Given string, get substring after a word.

st_func_stack_code = 'dc_ls_combo_type = pyfan_amto_lsdcconvert.ff_ls2dc(ls_combo_type,'
st_search_break = 'ff_ls2dc('
st_string_after = st_func_stack_code.split(st_search_break)[1]
st_search_break = ','
st_string_after = st_func_stack_code.split(st_search_break)[1]
print(f'{st_string_after=}')
## st_string_after=''

1.1.4.3 Generate Random Strings

Generate some random strings:

random.seed(123)
it_word_length = 5
st_rand_word = ''.join(random.choice(string.ascii_lowercase) for i in range(it_word_length))
st_rand_word = st_rand_word.capitalize()
print(f'{st_rand_word=}')
## st_rand_word='Bicyn'

Generate a block or random text and then convert it to a one list of strings:

random.seed(123)
it_words_count = 15
it_word_length = 5
st_rand_word_block = ''.join(random.choice(string.ascii_lowercase) for ctr in range(it_word_length*it_words_count))
ls_st_rand_word = [st_rand_word_block[ctr: ctr + it_word_length].capitalize() 
                   for ctr in range(0, len(st_rand_word_block), it_word_length)]
print(f'{ls_st_rand_word=}')
## ls_st_rand_word=['Bicyn', 'Idbmr', 'Rkkbf', 'Ekrkw', 'Hfany', 'Ctmca', 'Kxodb', 'Cveez', 'Ajnsp', 'Ipbyj', 'Kqzpg', 'Tuqsz', 'Kamyu', 'Qnvru', 'Zvtpq']

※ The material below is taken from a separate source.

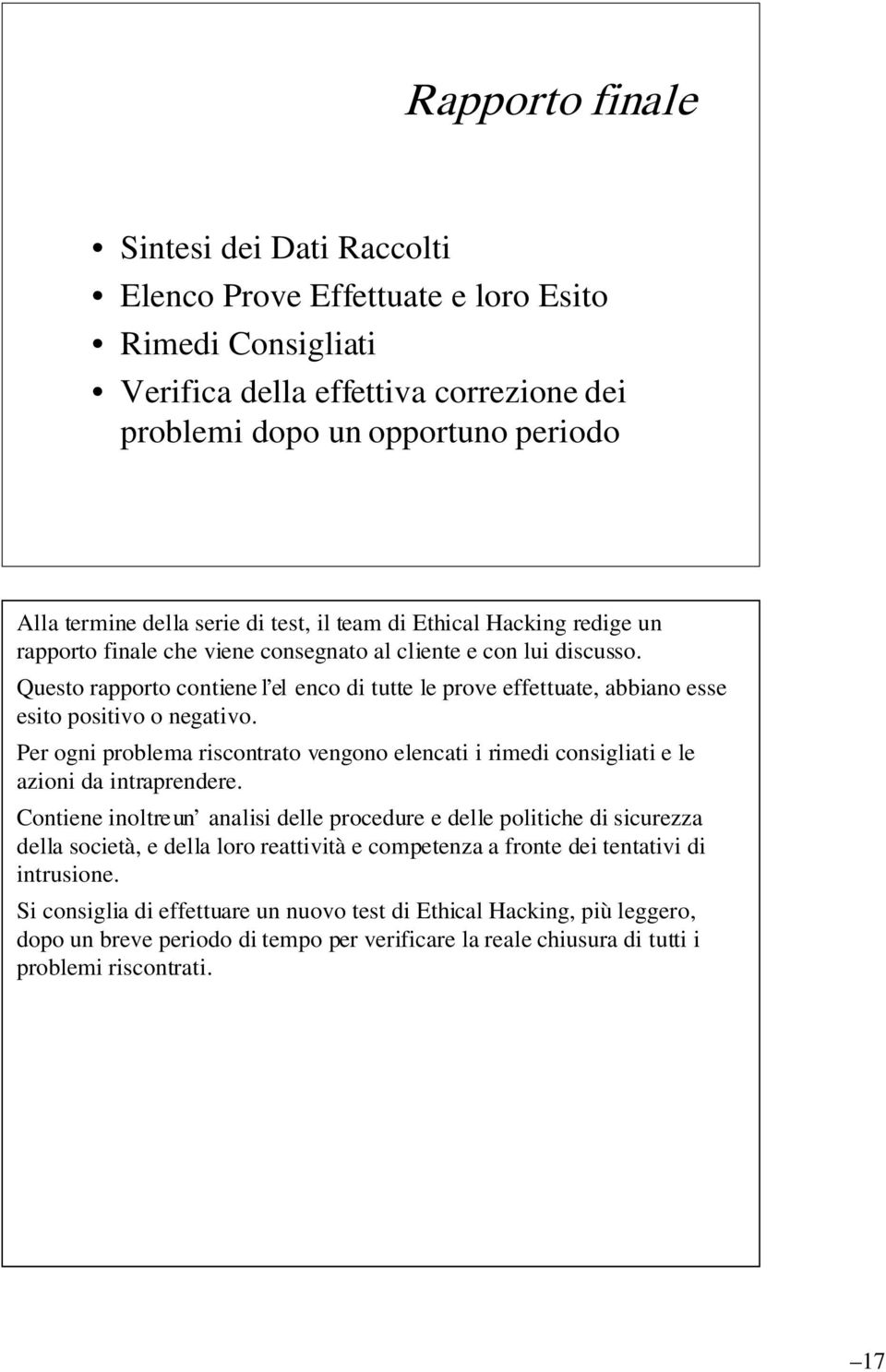 Questo rapporto contiene l el enco di tutte le prove effettuate, abbiano esse esito positivo o negativo.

Reshape the array of words to a matrix:

mt_st_rand_word = np.reshape(ls_st_rand_word, [3,5])
print(f'{mt_st_rand_word=}')
## mt_st_rand_word=array([['Bicyn', 'Idbmr', 'Rkkbf', 'Ekrkw', 'Hfany'],
##        ['Ctmca', 'Kxodb', 'Cveez', 'Ajnsp', 'Ipbyj'],
##        ['Kqzpg', 'Tuqsz', 'Kamyu', 'Qnvru', 'Zvtpq']], dtype='<U5')
print(f'{mt_st_rand_word.shape=}')
## mt_st_rand_word.shape=(3, 5)
print(f'{type(mt_st_rand_word)=}')
## type(mt_st_rand_word)=<class 'numpy.ndarray'>

1.1.4.4 Add String Suffix to Numeric Array

Given an numeric array, add string, for example to generate sequencial column names with suffix c:

ar_st_colnames = [ 's' + str(it_col) for it_col in np.array(range(1, 3))]
print(ar_st_colnames)
## ['s1', 's2']

1.1.4.5 Search if Names Include Strings

Given a list of strings, loop but skip if string contains elements string list.

# define string
ls_st_ignore = ['abc', 'efg', 'xyz']
ls_st_loop = ['ab cefg sdf', '12345', 'xyz', 'abc xyz', 'good morning']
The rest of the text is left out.